Before moving to describe the details of the situation, let me make two key points. First, it is important to distinguish between the long-term trend assessment and the 1998 national and state writing assessment. Beginning in the early 1970s, NCES began to conduct trend assessments in reading, mathematics, science, and writing. Over time, these assessments have remained essentially the same, both in content and manner of administration. As a result, NCES has maintained a record of trends in student achievement that stretch over several decades. Beginning in the early 1990s, NCES began a new series of national and state assessments in the same four subjects, as well as assessments of geography, U. S. History, civics, and the arts. The national and state writing assessment is based on a different, and more robust, set of assessment specifications that made use of the most current methodologies. These NAEP assessments, often known as The Nation's Report Cards," are now considered to be the main NAEP reporting series. We are in no way concerned about the accuracy of the 1998 national and state assessment reports.
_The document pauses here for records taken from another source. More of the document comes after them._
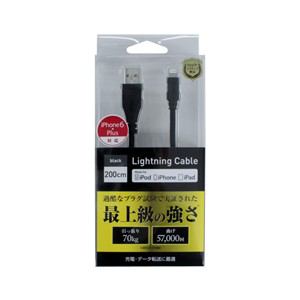 【クリックでお店のこの商品のページへ】ステイヤー iPod ＆ iPhone ライトニングタフケーブル 200cm ブラック ST-CAPLT2.0BK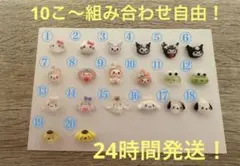 サンリオ　ネイルパーツ　20個 セット 組み合わせ自由10個〜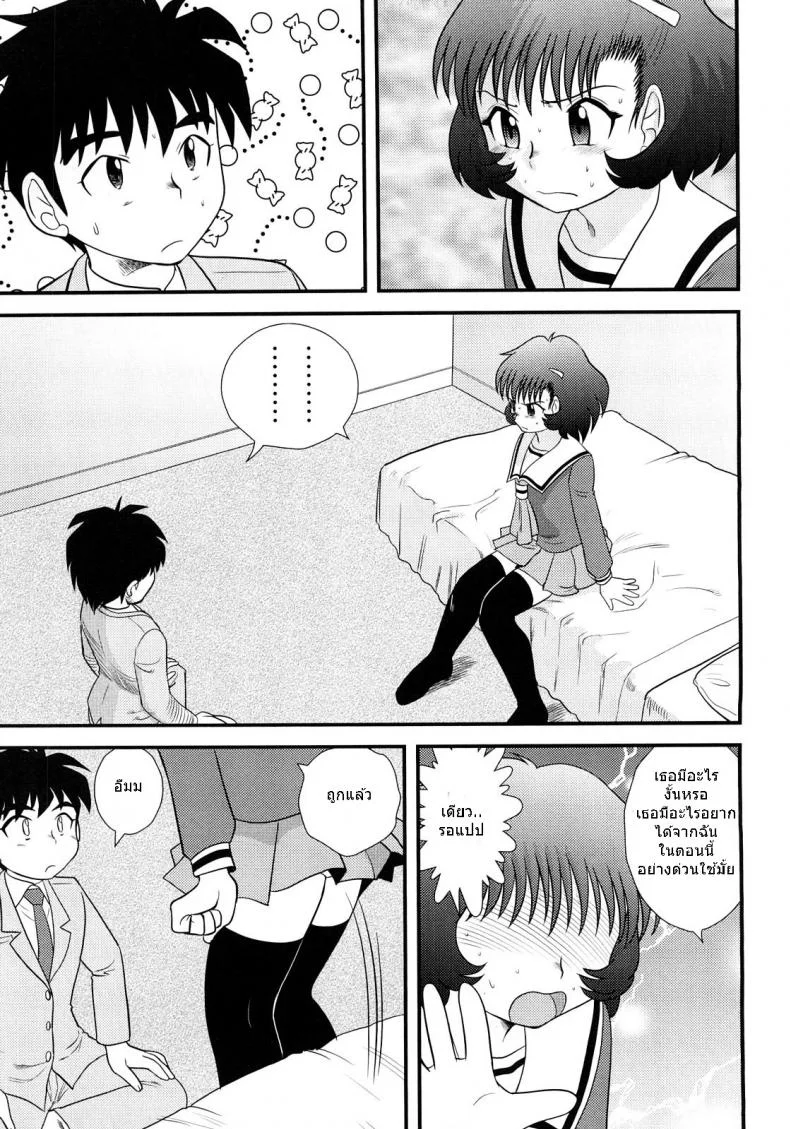 สามคนในเดือนมีนาคม [Juan Gotoh] San Jin San Getsu (Three People, Three Months)สามคนในเดือนมีนาคม 2 หน้า 5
The second point that I want to make is that we are planning to reanalyze data from the long-term writing assessment. We hope to issue these data in a separate report. I have included more details in the paragraphs that follow.
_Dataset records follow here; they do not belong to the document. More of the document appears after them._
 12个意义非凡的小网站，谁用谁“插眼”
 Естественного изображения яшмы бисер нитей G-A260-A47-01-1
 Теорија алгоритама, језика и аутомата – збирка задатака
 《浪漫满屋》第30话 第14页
The National Assessment Governing Board, which sets policy for the National Assessment of Educational Progress (NAEP), agreed in March with NCES that current analyses of the long-term trend writing assessment indicated some potential problems, and should be further investigated.
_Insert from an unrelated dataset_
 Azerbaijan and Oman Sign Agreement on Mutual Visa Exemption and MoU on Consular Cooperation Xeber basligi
Long-term trend assessments must remain exactly the same, both in content and manner of administration, so that NCES can maintain a record of trends in student achievement that stretches over several decades. Writing is unique among the four long-term trend subjects in that this assessment is entirely performance-based. Students do not respond to any short-answer or multiple-choice questions in the assessment, but instead write one or two open-ended essays.

One of the challenges of performance-based trend assessment is to provide a sufficient number of items to meet statistical requirements, but few enough so that students and administrators are not overly burdened by testing requirements. In the case of a survey such as NAEP, the total number of prompts must be limited if sample sizes are to remain manageable. In the case of the long-term trend writing assessment, which is based on exercises first administered in 1984, other constraints further limited the number of exercises in the pool. Specifically, the assessment had to fit in the same booklets as the long-term trend reading assessment and had to be relatively inexpensive to score and administer. As a result, an instrument based on a limited number of older exercises was used. Again, it is important to note that the main national and state writing assessments were based on a far greater number of prompts, more modern analysis and scoring methodologies, and far larger samples, so the problems with long-term trend do not adhere in this case.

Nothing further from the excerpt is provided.